Step by step solution

01

Determine the oxidation number for compound (a) Chlorine in ClF

In \( \text{ClF} \), the compound involves chlorine (Cl) and fluorine (F). Since fluorine is the most electronegative element, it always has an oxidation number of -1. Thus, chlorine must have an oxidation number of \(+1\) to balance the -1 from fluorine, since the molecule is neutral.
02

Determine the oxidation number for compound (b) Iodine in IF7

In \( \text{IF}_7 \), iodine (I) is less electronegative than fluorine (F).
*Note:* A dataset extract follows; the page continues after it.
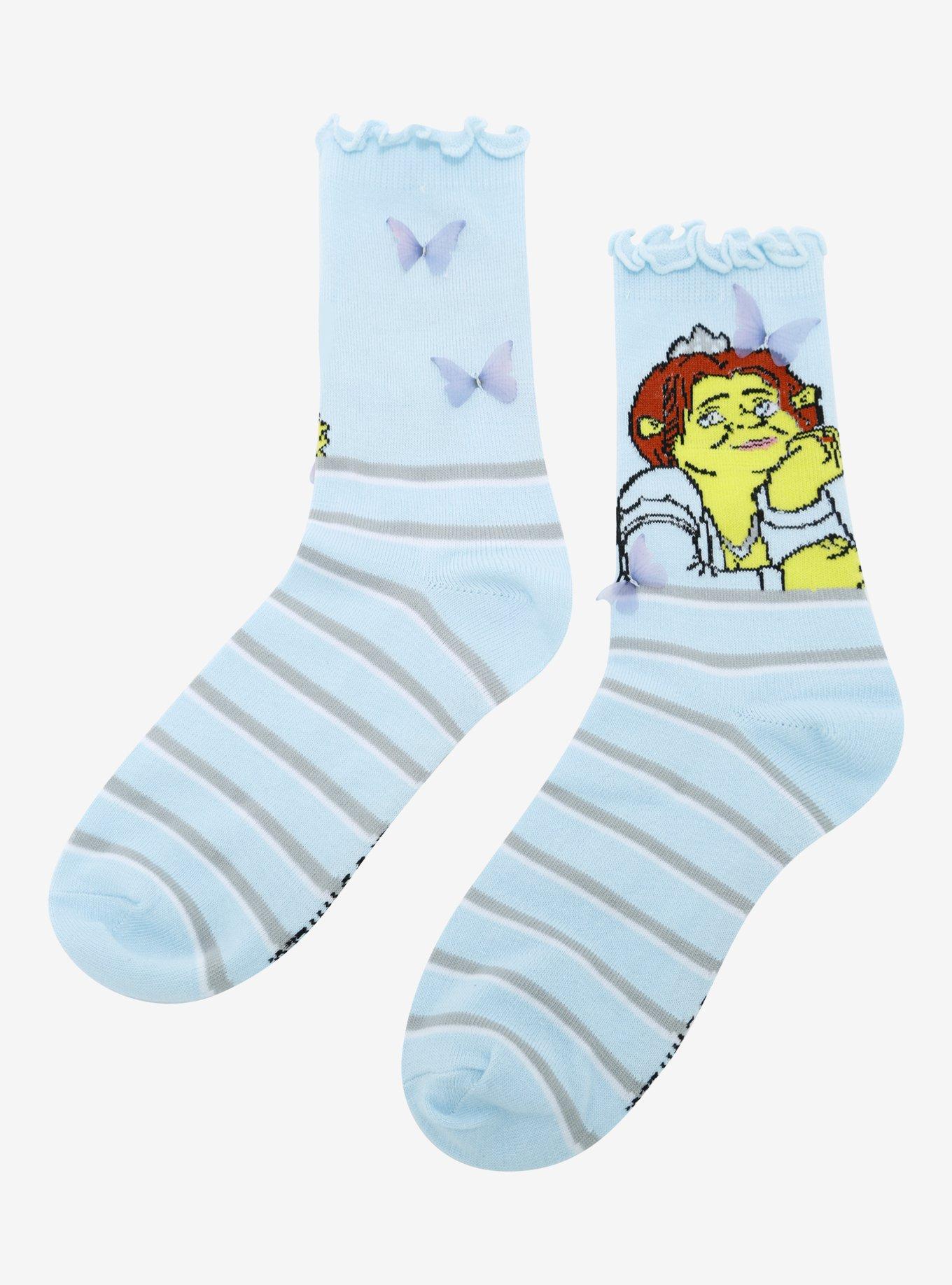Shrek Fiona Butterfly Crew Socks, , alternate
Each fluorine atom has an oxidation number of -1. Therefore, with seven fluorine atoms, the Iodine must have an oxidation number of \(+7\) to balance the total of -7 from fluorine.
03

Determine the oxidation number for compound (c) Carbon in CH4

In \( \text{CH}_4 \), hydrogen has an oxidation number of +1. Since there are four hydrogen atoms, their total oxidation is +4. To balance the molecule to zero (neutral), carbon must have an oxidation number of \(-4\).
04

Determine the oxidation number for compound (d) Carbon in C2H2

In \( \text{C}_2\text{H}_2 \), each hydrogen has an oxidation number of +1, leading to a total of +2 for two hydrogen atoms. Therefore, the two carbons combined must have an oxidation number of -2, making each carbon \(-1\).
05

Determine the oxidation number for compound (e) Carbon in C2H4

In \( \text{C}_2\text{H}_4 \), each hydrogen has +1, summing to +4 for four hydrogens. The two carbon atoms need a total oxidation of -4 combined, so each carbon has an oxidation state of \(-2\).
06

Determine the oxidation number for compound (f) Chromium in K2CrO4

In \( \text{K}_2\text{CrO}_4 \), potassium has +1 each and oxygen has -2 each. Total potassium is +2, total oxygen is -8. Chromium must be +6 to balance to zero overall.
07

Determine the oxidation number for compound (g) Chromium in K2Cr2O7

In \( \text{K}_2\text{Cr}_2\text{O}_7 \), each potassium is +1, and each oxygen is -2 (total -14). Two potassiums = +2, so two chromiums must = +12 (each \(+6\)) to balance.
08

Determine the oxidation number for compound (h) Manganese in KMnO4

In \( \text{KMnO}_4 \), potassium is +1, oxygen is -2 each (total -8). For the compound to be neutral, manganese must have an oxidation of \(+7\).
09

Determine the oxidation number for compound (i) Carbon in NaHCO3

In \( \text{NaHCO}_3 \), sodium is +1, hydrogen is +1, each oxygen is -2 (total -6). Balancing gives carbon an oxidation state of \(+4\).
10

Determine the oxidation number for compound (j) Lithium in Li2

In \( \text{Li}_2 \), both lithium atoms are in a neutral elemental state, so each has an oxidation number of \(0\).
11

Determine the oxidation number for compound (k) Iodine in NaIO3

In \( \text{NaIO}_3 \), sodium is +1, each oxygen is -2 (total -6). The iodine must be +5 to balance the compound to neutrality.
12

Determine the oxidation number for compound (l) Oxygen in KO2

In \( \text{KO}_2 \), potassium is +1. This compound is a superoxide, where each oxygen is typically \(-\frac{1}{2}\). Therefore, the total for two oxygens is -1.
13

Determine the oxidation number for compound (m) Phosphorus in PF6^-

In \( \text{PF}_6^- \), each fluorine is -1 (total -6). Overall charge is -1, so phosphorus is +5.
14

Determine the oxidation number for compound (n) Gold in KAuCl4

In \( \text{KAuCl}_4 \), potassium is +1, each chlorine is -1 (total for four is -4). Gold must balance with +3.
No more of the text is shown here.